料理をテーマにしたお話がこんなに面白いのだとは知りませんでした。「食」は、人間が生きることそのものだからでしょうか。

和風も、何が和風で、何をもって和風とするか・・・。

子どもの頃の食事と今の食事でもまったく異なるような気がしますし、100年、200年前の日本にあった食材は、相当限られたものであったでしょう。

簡単に、日本の伝統だ、文化だと言っても、新しいものを取り入れなければ生き残ることはなかったに違いありません。 フランス風、和風・・・・・、自分風を創ってみたいものです。

料理の話です。

テレビや映画の時代劇で、一人ひとりが箱膳を前に食事をしているのを見たことがあると思います。これは江戸や大坂などの武家や商家の話で、地方の農家などは違ったと思いますが、フランスも同じです。

1950年代でも、北東部のブロターニュでは、テーブルが皿のように削られていて、直接そこにスープなり、料理なりを盛って食していたそうです。これ本当。

また、今でもフランスの男性の60%はマイナイフ、刃渡り6~7cmで柄が木造の折り畳みナイフを常時携帯しており、食事のときに家庭で使っています。

それで料理なのですが、フランス革命前の貴族の館では、前稿で書いたとおり、テーブルの上に色々な料理を並べて、食していました。しかし、この食事方法では自分の手の届く物しか食べられませんでした。

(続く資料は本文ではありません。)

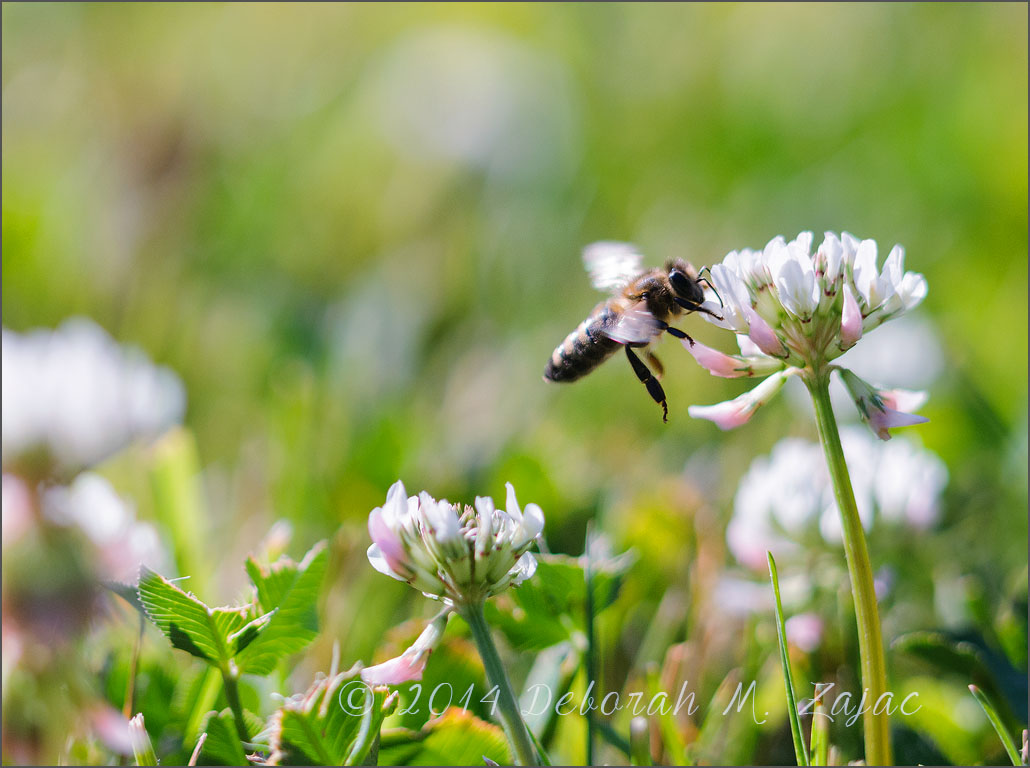 To make a prairie~ Emily Dickinson, 1830-1886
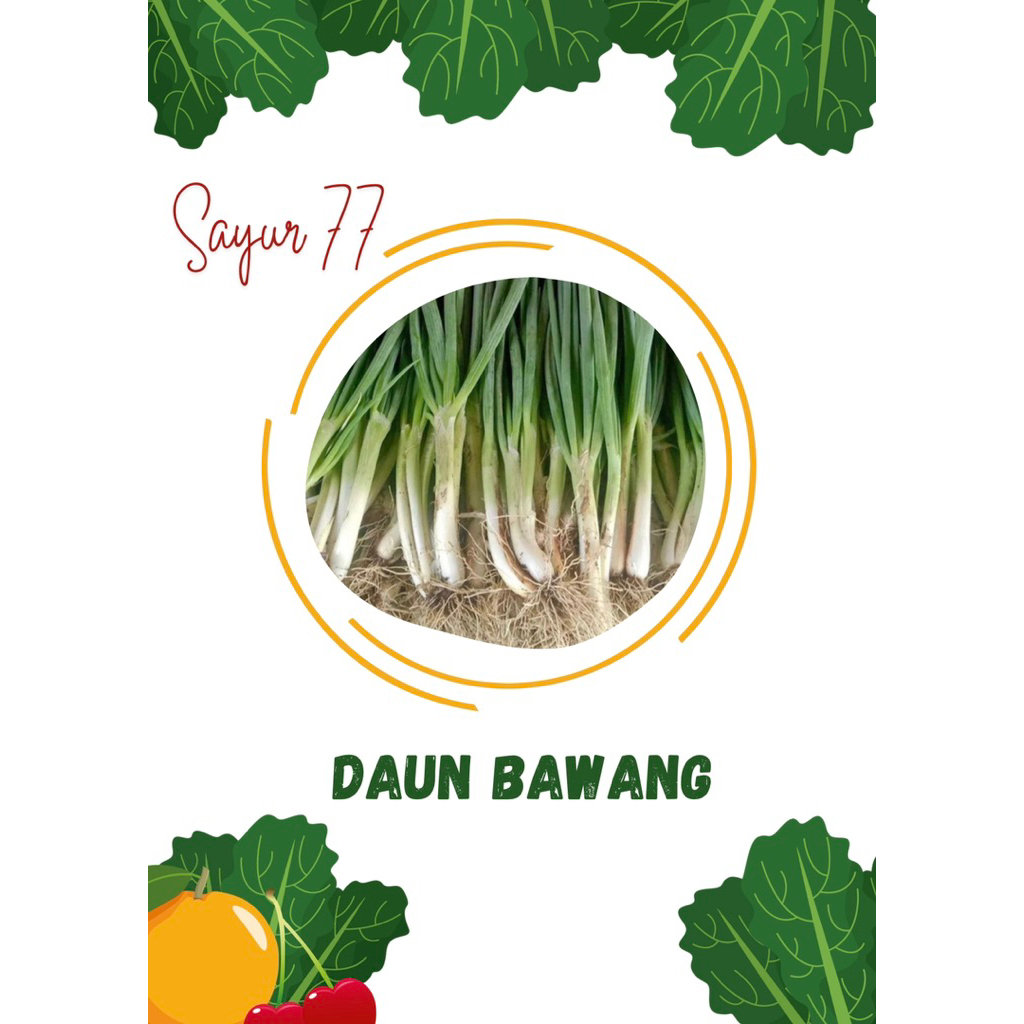 

DAUN BAWANG DAUN SELEDRI 1 pack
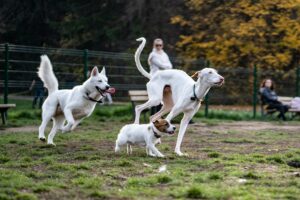 Keep your dog active when it's too hot.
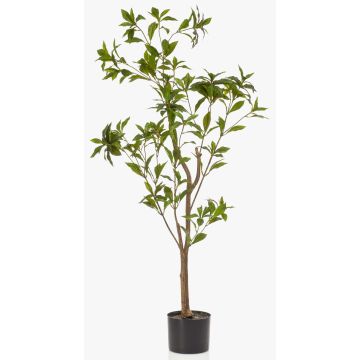 Artificial tea plant GUSHON, artificial trunk, green, 4ft/120cm Artificial tea plant GUSHON, artificial trunk, green, 4ft/120cm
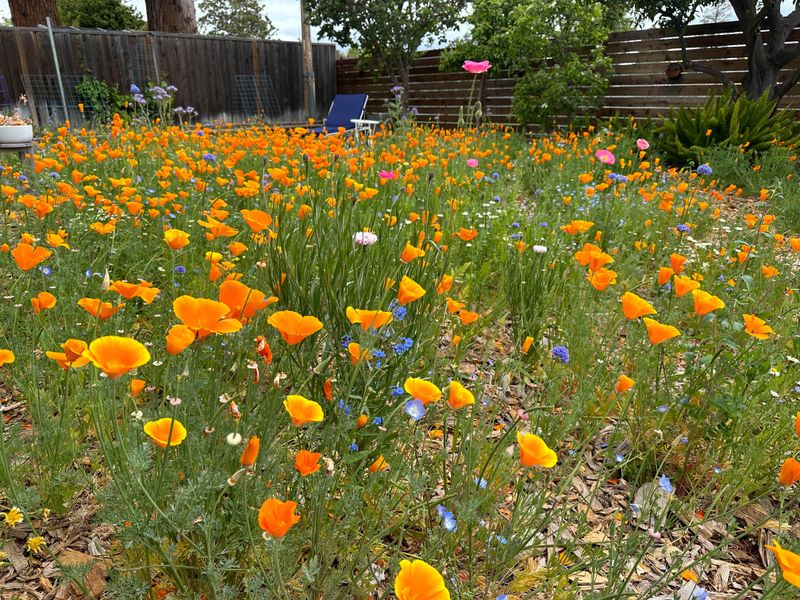 Native Plant Meadows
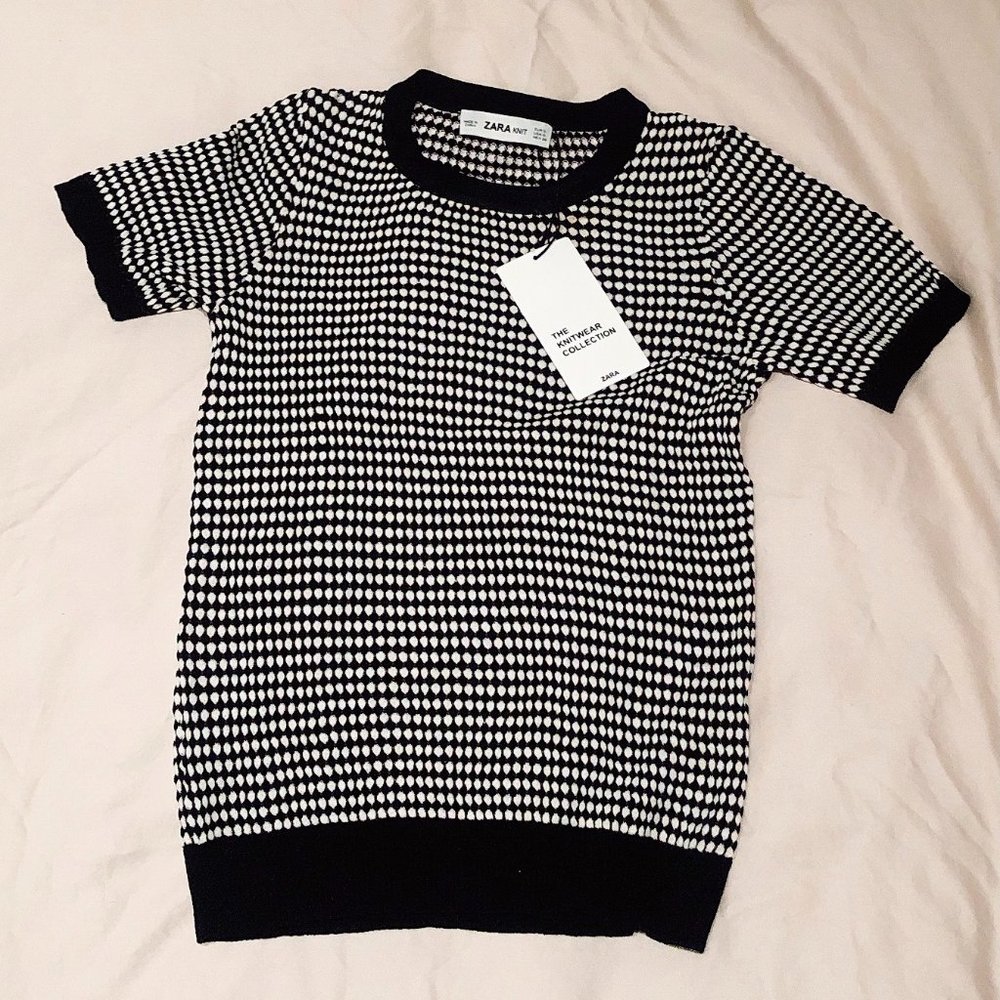 NWT Zara Textured Weave Knit Short Sleeve Sweater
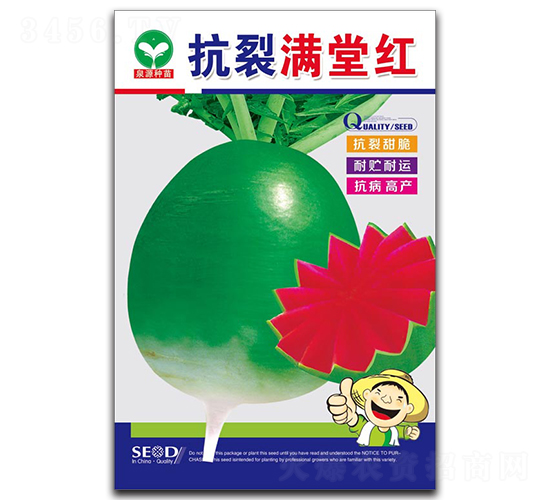 抗裂滿膛紅-蘿卜種子-泉源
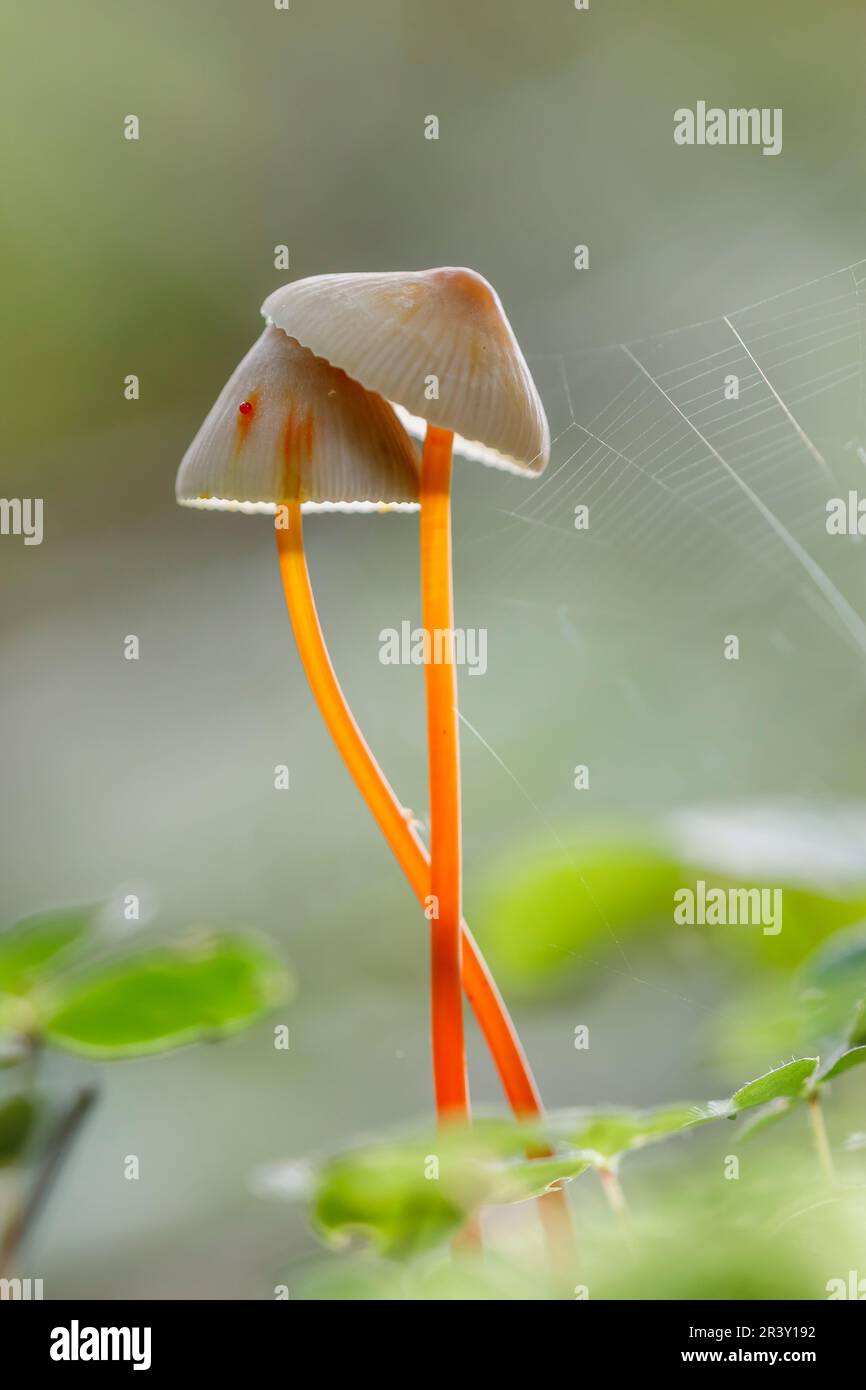 Mycena crocata, conosciuta come cofano Saffrondrop, cofano Saffon-drop in autunno Foto Stock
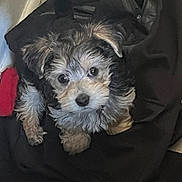 Harley joined the competition — help win amazing prizes! dog, puppy, fur, cute, pet, animal, small_dog, black, white, brown, ears, eyes, nose, face, fur_texture, indoor, blanket, resting, cozy, looking_up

革命により、料理人が市中に流れ、レストラン文化が花開いたのです。革命前の旧体制化にもレストランはありましたが、そこは食事をとる所ではなく、ギルドがあったため、現代のカフェでコーヒーを飲むように濃縮コンソメ(comsommeコンソメは滋養、完全な、という意味)を啜るところで、1820年代まではパリにしかこのレストランはなかったのです。

『18世紀のブイヨンから19世紀の商店へ。ちゃちなスープカップからラブレー張りの飽食へ。感性から政治学へ。「レストラン」なる語の意味は、このような変遷ののちに定まっていた。』

〔「レストランの誕生」レベッカ・L・スパングより〕

 前稿で、ロシア風サービスという語が出てきましたが、これはフランスでのことです。サービスの方法により料理の作り方も若干違いますが、基本的には、フランス型料理法と云う方が正しいと思います。ただ、その地方、そのときの流行、材料の変化に伴って変わってはきましたが、ロシア風というのは、というよりもロシア皇帝は、フランス王国を真似て発展していったもので、フランス型は変わっていません。建築物で有名なのは、ベルサイユ宮殿に倣って作った、サンクトペテルブルグのエルミタージュ冬の宮殿です。

フランス風サービスとは、簡単に云うと、料理を大皿に盛り、各自自分で取るのです。革命前の定食屋では、料理を大皿に盛り、皆で取っていました。ですから、18世紀には、旅行客からは「パリほど不味い街はない」と云われて非常に評判が悪く、ドイツの碩学者ヨアヒム・ネマイツはパリに着くや、パリの欠点を見いだし、「この首都で実質的に改善して欲しい点と云えば、街路の照明設備でもなく、スリの取り締まりでもなく、料理の質だ」と書きました。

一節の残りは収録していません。